By Robert Kittle
(COLUMBIA, SC)
The South Carolina Chamber of Commerce is calling for state senators to take a vote on a roads plan, and wants a penalty if they don’t. “In the business community, you don’t get paid if you don’t do your job,” says Ted Pitts, president of the state Chamber. “So today, what I’m calling for is I want every South Carolina senator to start returning their paycheck back to the taxpayer on a daily basis for every day they fail to start voting on the amendments on the desk.”
He says senators have had a roads plan on their desks for 321 days, so it’s past time for them to vote. The reason they haven’t is because several senators are filibustering to block a vote. Spartanburg Sen. Lee Bright currently holds the floor. “This bill has a tax increase in it, as it came over from the House,” he says. “My concern is even if the Senate strips the tax increase it goes back over to the House, House puts the tax increase back on and the next thing you know you put a burden on the taxpayer. We’ve got the existing funds to fix the roads if we just prioritize road funding.”
Sen.
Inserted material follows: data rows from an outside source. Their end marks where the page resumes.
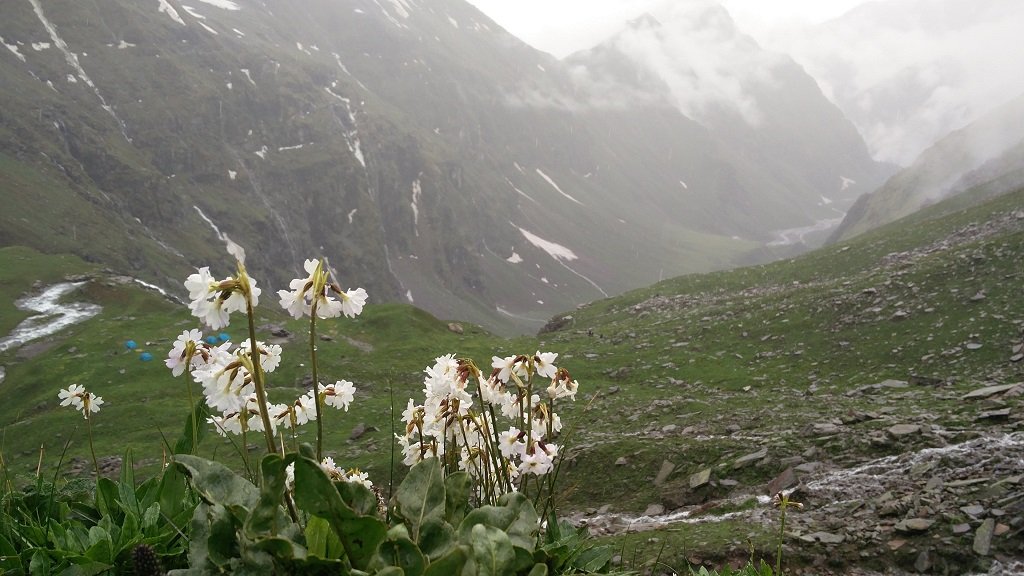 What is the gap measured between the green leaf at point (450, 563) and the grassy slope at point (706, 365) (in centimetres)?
217

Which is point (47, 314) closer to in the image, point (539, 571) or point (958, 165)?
point (539, 571)

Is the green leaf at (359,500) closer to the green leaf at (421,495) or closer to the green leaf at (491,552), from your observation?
the green leaf at (421,495)

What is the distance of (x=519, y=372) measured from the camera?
5703 mm

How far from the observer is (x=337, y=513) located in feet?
10.7

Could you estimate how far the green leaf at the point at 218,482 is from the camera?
11.8 feet

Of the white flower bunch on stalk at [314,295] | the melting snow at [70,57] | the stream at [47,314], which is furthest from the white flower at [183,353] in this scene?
the melting snow at [70,57]

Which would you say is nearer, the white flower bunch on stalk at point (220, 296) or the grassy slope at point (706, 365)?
the white flower bunch on stalk at point (220, 296)

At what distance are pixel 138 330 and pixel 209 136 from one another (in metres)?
161

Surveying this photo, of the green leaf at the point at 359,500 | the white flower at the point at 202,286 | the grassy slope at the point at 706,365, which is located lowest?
the grassy slope at the point at 706,365

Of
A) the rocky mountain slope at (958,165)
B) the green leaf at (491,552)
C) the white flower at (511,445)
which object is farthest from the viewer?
the rocky mountain slope at (958,165)

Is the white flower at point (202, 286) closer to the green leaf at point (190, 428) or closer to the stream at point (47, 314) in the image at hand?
the green leaf at point (190, 428)

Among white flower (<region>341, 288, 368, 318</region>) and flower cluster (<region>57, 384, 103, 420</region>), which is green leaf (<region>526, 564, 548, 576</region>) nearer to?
white flower (<region>341, 288, 368, 318</region>)

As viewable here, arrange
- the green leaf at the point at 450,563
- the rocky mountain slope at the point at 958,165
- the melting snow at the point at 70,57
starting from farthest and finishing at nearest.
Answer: the melting snow at the point at 70,57
the rocky mountain slope at the point at 958,165
the green leaf at the point at 450,563

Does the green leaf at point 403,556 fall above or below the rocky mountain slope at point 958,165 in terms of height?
below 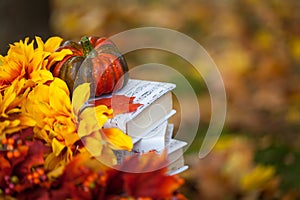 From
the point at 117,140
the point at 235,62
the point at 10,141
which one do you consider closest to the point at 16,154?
the point at 10,141

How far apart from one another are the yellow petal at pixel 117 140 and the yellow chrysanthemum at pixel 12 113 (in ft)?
0.34

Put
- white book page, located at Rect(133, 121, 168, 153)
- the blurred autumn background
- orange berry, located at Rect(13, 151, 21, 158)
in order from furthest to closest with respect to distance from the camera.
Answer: the blurred autumn background < white book page, located at Rect(133, 121, 168, 153) < orange berry, located at Rect(13, 151, 21, 158)

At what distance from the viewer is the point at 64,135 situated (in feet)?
3.06

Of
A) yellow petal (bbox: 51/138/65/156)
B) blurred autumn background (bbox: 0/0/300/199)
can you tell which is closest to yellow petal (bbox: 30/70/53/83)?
yellow petal (bbox: 51/138/65/156)

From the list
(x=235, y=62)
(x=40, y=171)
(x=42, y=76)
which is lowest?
(x=235, y=62)

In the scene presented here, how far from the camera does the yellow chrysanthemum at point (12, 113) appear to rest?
92 cm

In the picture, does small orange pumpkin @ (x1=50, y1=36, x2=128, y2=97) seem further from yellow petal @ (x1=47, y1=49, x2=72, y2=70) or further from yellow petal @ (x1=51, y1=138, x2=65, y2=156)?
yellow petal @ (x1=51, y1=138, x2=65, y2=156)

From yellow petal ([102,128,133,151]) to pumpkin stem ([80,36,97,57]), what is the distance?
15 cm

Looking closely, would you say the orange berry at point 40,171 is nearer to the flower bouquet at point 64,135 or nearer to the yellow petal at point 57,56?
the flower bouquet at point 64,135

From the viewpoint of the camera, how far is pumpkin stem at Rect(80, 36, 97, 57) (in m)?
1.04

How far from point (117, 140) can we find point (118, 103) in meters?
0.07

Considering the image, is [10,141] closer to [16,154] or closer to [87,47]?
[16,154]

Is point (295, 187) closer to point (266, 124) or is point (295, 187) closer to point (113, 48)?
point (266, 124)

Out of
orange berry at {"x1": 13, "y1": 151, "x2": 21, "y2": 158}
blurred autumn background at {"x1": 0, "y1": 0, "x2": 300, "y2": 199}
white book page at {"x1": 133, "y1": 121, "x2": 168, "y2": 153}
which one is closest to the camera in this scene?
orange berry at {"x1": 13, "y1": 151, "x2": 21, "y2": 158} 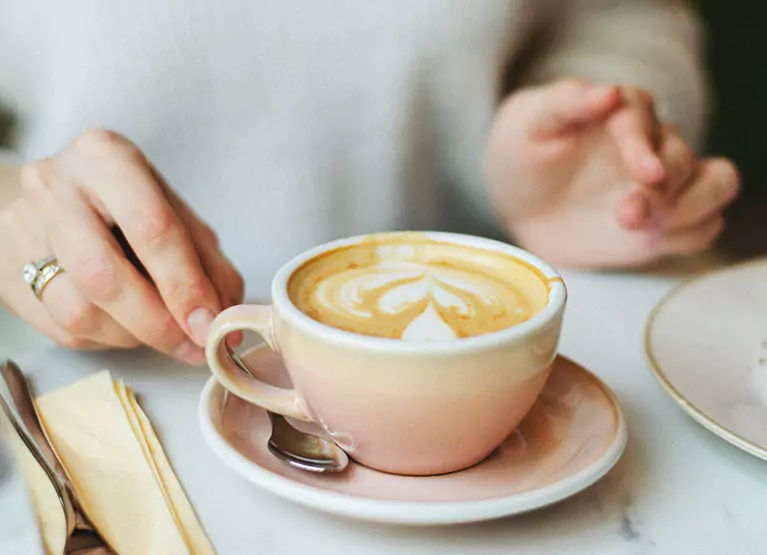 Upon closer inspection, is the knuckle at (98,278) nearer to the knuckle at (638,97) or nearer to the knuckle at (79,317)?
the knuckle at (79,317)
Tom Davis, R-Beaufort, filibustered for the final weeks of the session last year and continued this year until Sen. Bright took over. Both say the $1.3 billion in additional money the state has is enough to take care of road needs without a tax increase.
Other lawmakers argue that most of that $1.3 billion is needed for other needs like education, health care, and law enforcement.
But Jerry Smith, with the SC Trucking Association, says, “If our legislature spent every dime of this year’s surplus, that amount of money would still be far short of what would be needed for next year. So it raises the question: what about next year?”
The Chamber of Commerce and other business groups rallied at the Statehouse Tuesday to demand that senators take action. Cathy Novinger, with the Palmetto AgriBusiness Council, says drivers are concerned. “They’re worried about the safety of our unsafe roads and bridges, our hazardous roads. They’re worried about the cost to their vehicles, to their trucks, to their cars, the costs that go on and on and on every year. They’re worried about the loss of jobs in this state because it is an economic impact issue,” she told reporters.
Sen. Hugh Leatherman, R-Florence, president pro tempore of the Senate, says Pitts request that senators return their pay doesn’t deserve a response. He says senators haven’t voted to end the filibuster because if they do it would trigger a rule that limits the length of debate on each amendment to 10 minutes. There are more than 300 amendments on the bill and he says some of them will need more than 10 minutes to properly debate them.